Willi Heinrich is a 37-year-old German novelist whose specialty is the look, smell and sound of military defeat. He came by his competence honestly and bitterly as an infantry soldier in a fearfully mauled German division that bit deep into Russia, withdrew its remnants in broken retreat. Five wounds, Heinrich's personal quota, do not necessarily make a war novelist, but his first book, The Cross of Iron (TIME, April 23, 1956), proved that no contemporary novelist was better than he at the grisly business of describing the meat grinder of infantry combat. Crack of Doom, another look at the disintegration of German military power, is also an advanced reader for other writers about war on how to do closeups of men fighting hopelessly toward ends that are totally beyond their comprehension.
Now it is December 1944, and the Russians have driven the Germans back into Czechoslovakia. Only diehard Nazis still hope that Hitler's secret weapons will somehow turn defeat into magical victory. Czech partisans are rampant behind the German lines, settling old scores with pro-German civilians, cutting off groups of soldiers, even capturing the division commander who is trying to stem the Russian surge through the Carpathian passes.

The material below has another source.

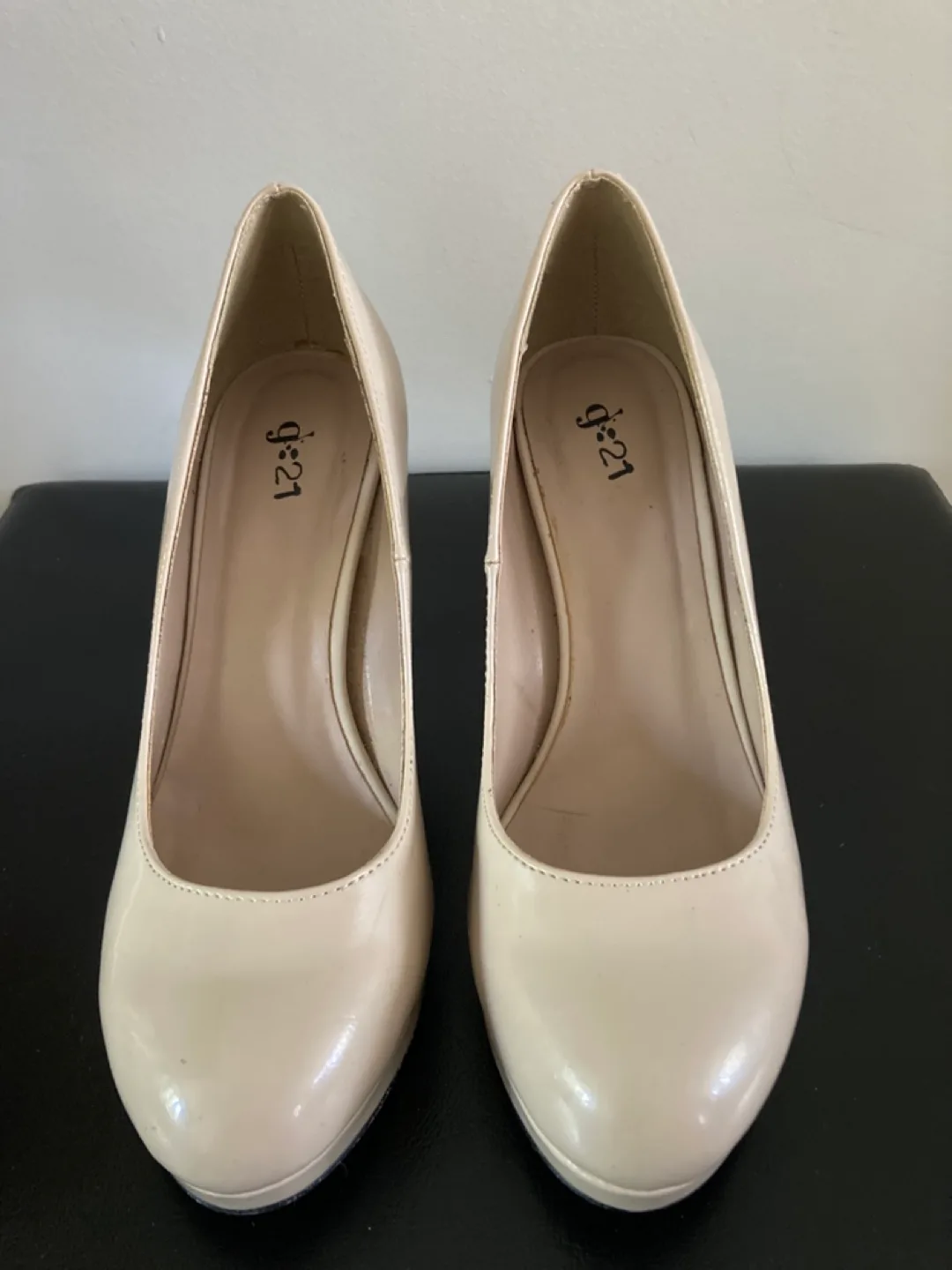 G:21 Beige Heels - US Size 6.5 thumbnail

For Sergeant Kolodzi the war has reached a harrowing personal climax. He is a soldier of the Wehrmacht, fighting on his home ground where his mother and his girl still live, where his father, killed by partisans, is buried. Kolodzi knows the war is finished, that the smart thing to do is to desert, get his mother and girl to safety before the Russians drive into his home town. But Kolodzi is also a first-rate soldier with a feeling of loyalty to his fellows. When he hears the opening roar of the massive Russian artillery barrage, he leaves the arms of his fiancee to return to a hopeless mission against the partisans.
Author Heinrich is at his best as he describes the last-ditch stand of decimated German regiments against Russian divisions led by a hundred tanks. Towns burn, civilians are blown to bits, whole battalions are destroyed as they try to carry out orders from an incompetent division adjutant. Over the ghastly scene the snowy Carpathians loom like symbols of nature's indifference. But Heinrich neither needs nor uses literary symbolism. With a spare, brutal directness of language, he is able to show how men fight and die, convey the pressing of a trigger, the spreading stain of blood in the snow. Crack of Doom makes one thing overpoweringly clear: Infantryman Heinrich was there, and he didn't miss a thing.